(Pictures with short captions)
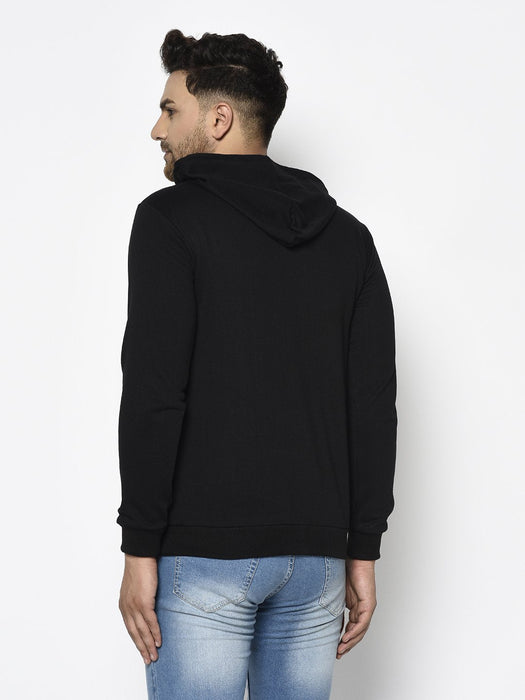 Black ESSENTIAL Print Hooded Fleece Full Sleeve Sweatshirt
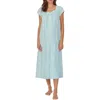 Eileen West Floral Print Cotton Nightgown In Aqua Print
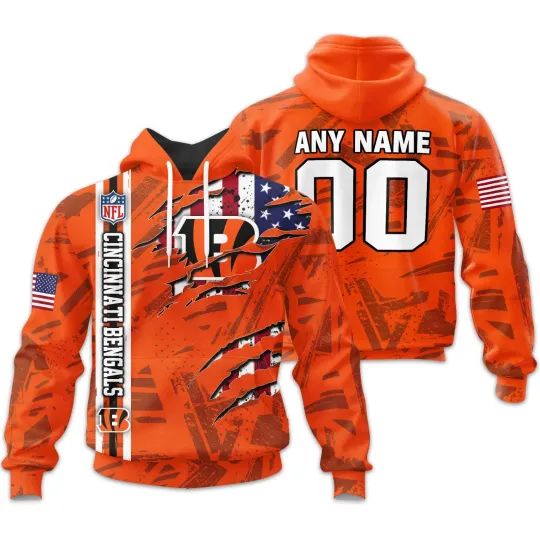 Discover Cincinnati Football Team Bengalss | Personalized Hoodie Crack On Grunge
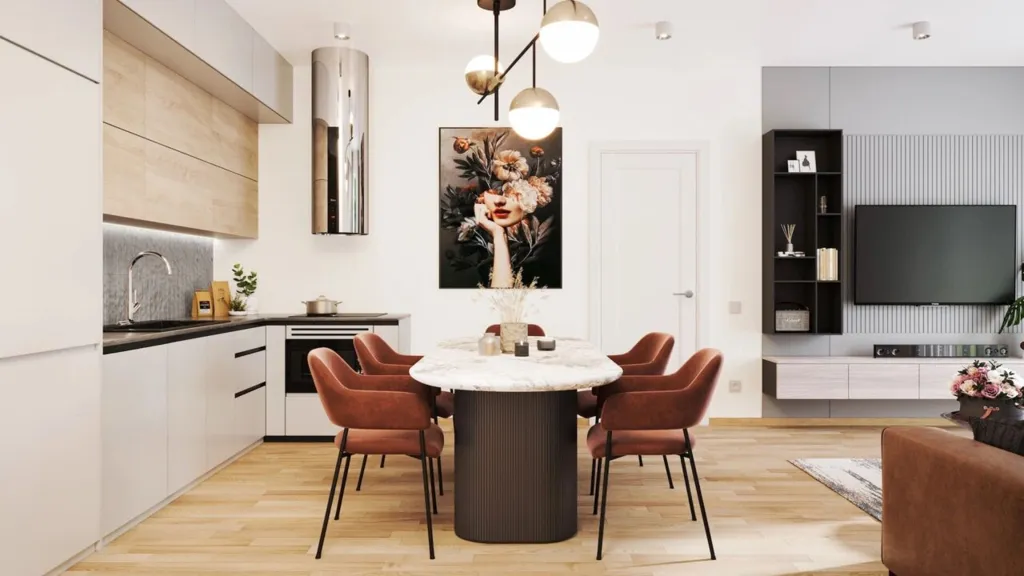 Söögituba - Modern Apartment with Park Access in Väike-Rae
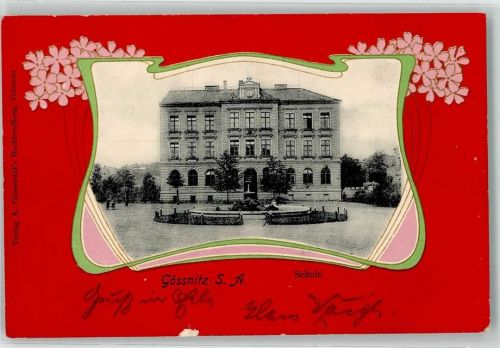 04639 O7422 Gößnitz , Thür 1905 - Schule Brunnen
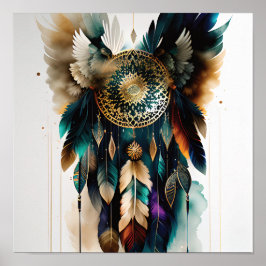 Póster Eagle Feathers y Dreamcatcher Wall Art Poster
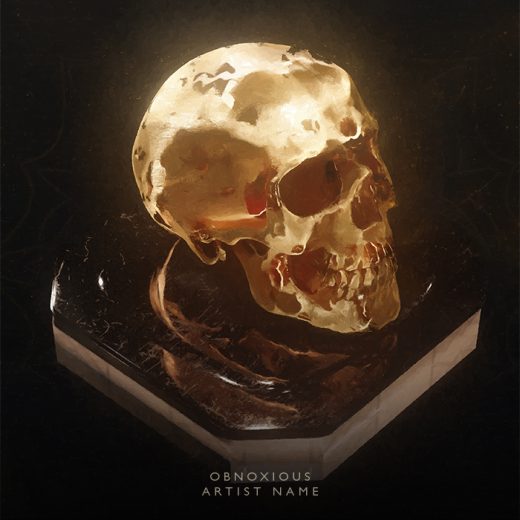 A dark art featuring a golden skull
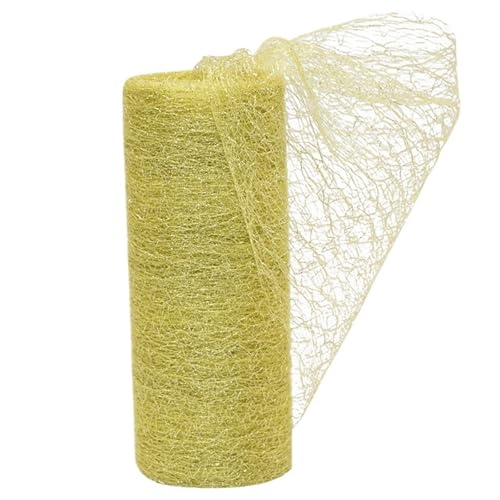 Deko-Mesh-Band, Mesh Garn Rolle Tüll Stoff Band 10 yards 15 cm DIY Handwerk Hochzeit Decor Multicolor(B02 Gold) von BYALORTEX
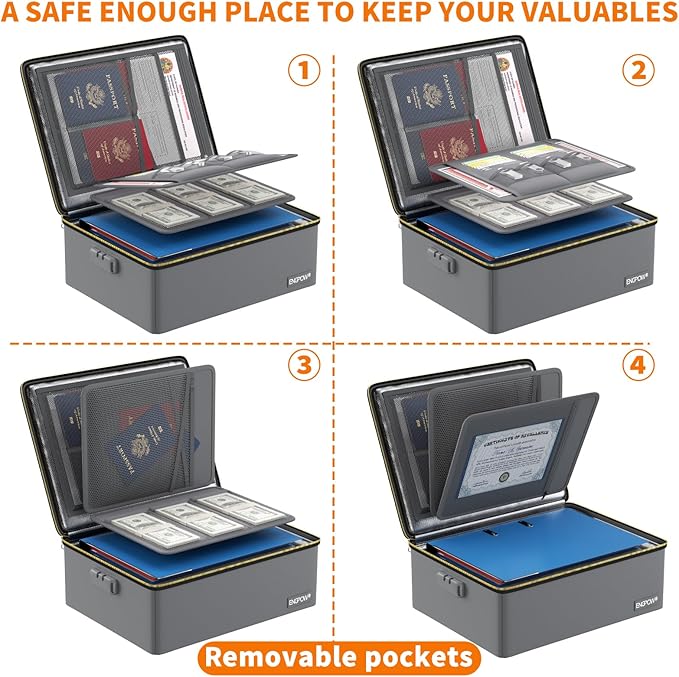 ENGPOW Fireproof Document Box, Hard Case File Box with Fireproof Zipper＆Lock, 6400°F Heat Insulated Fire and Water Resistant File Organizer Storage Safe for Important Documents Laptop Cash, Gray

### Task statement
Each record should be copied exactly, and each image left out.

### Solution to the problem
 Black ESSENTIAL Print Hooded Fleece Full Sleeve Sweatshirt
 Eileen West Floral Print Cotton Nightgown In Aqua Print
 Discover Cincinnati Football Team Bengalss | Personalized Hoodie Crack On Grunge
 Söögituba - Modern Apartment with Park Access in Väike-Rae
 04639 O7422 Gößnitz , Thür 1905 - Schule Brunnen
 Póster Eagle Feathers y Dreamcatcher Wall Art Poster
 A dark art featuring a golden skull
 Deko-Mesh-Band, Mesh Garn Rolle Tüll Stoff Band 10 yards 15 cm DIY Handwerk Hochzeit Decor Multicolor(B02 Gold) von BYALORTEX
 ENGPOW Fireproof Document Box, Hard Case File Box with Fireproof Zipper＆Lock, 6400°F Heat Insulated Fire and Water Resistant File Organizer Storage Safe for Important Documents Laptop Cash, Gray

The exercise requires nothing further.